◆ **Data section**:
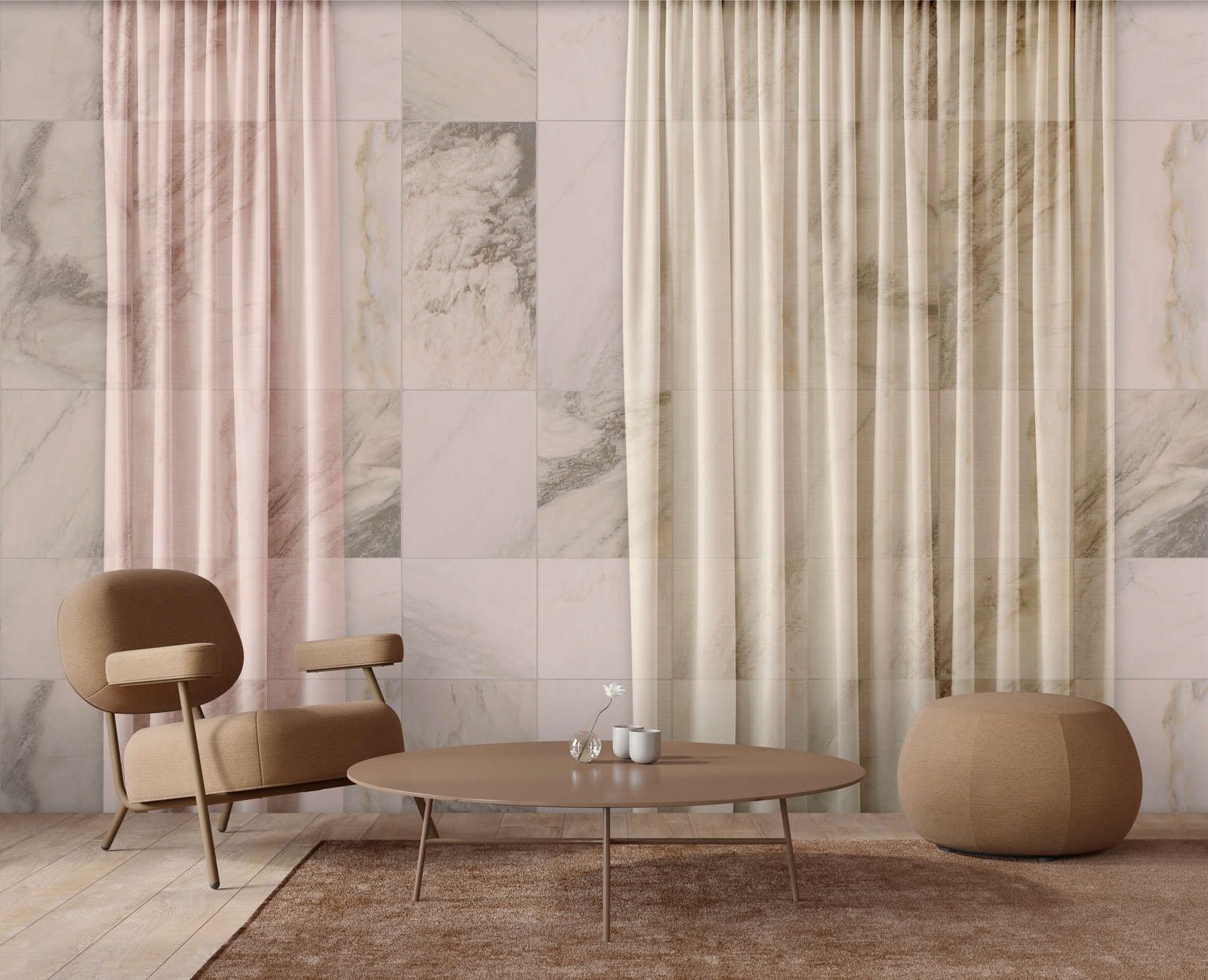             Photo wallpaper »nova 3« - Subtly falling curtains against a beige marble wall - Smooth, slightly pearlescent non-woven fabric
        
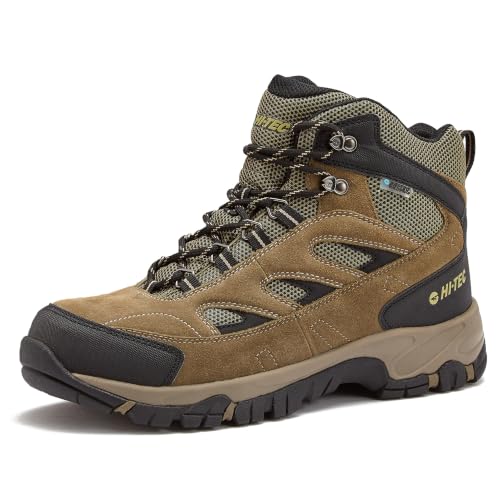 HI-TEC Yosemite WP Mid Waterproof Hiking Boots for Men - Dark Green Olive, Lightweight & Breathable Outdoor Trekking Shoes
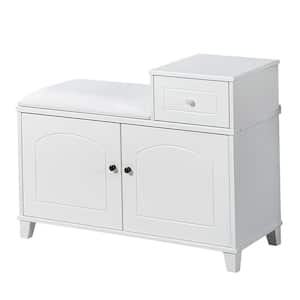 White Shoe Storage Bench Cabinet with Fireproof PU Cushion, Double Doors and Movable Drawer Wood for Door Entrance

◆ **Work instruction**: Repeat the whole listing above word for word, but keep any picture out of it.

◆ **Solution to the problem**:
             Photo wallpaper »nova 3« - Subtly falling curtains against a beige marble wall - Smooth, slightly pearlescent non-woven fabric
        
 HI-TEC Yosemite WP Mid Waterproof Hiking Boots for Men - Dark Green Olive, Lightweight & Breathable Outdoor Trekking Shoes
 White Shoe Storage Bench Cabinet with Fireproof PU Cushion, Double Doors and Movable Drawer Wood for Door Entrance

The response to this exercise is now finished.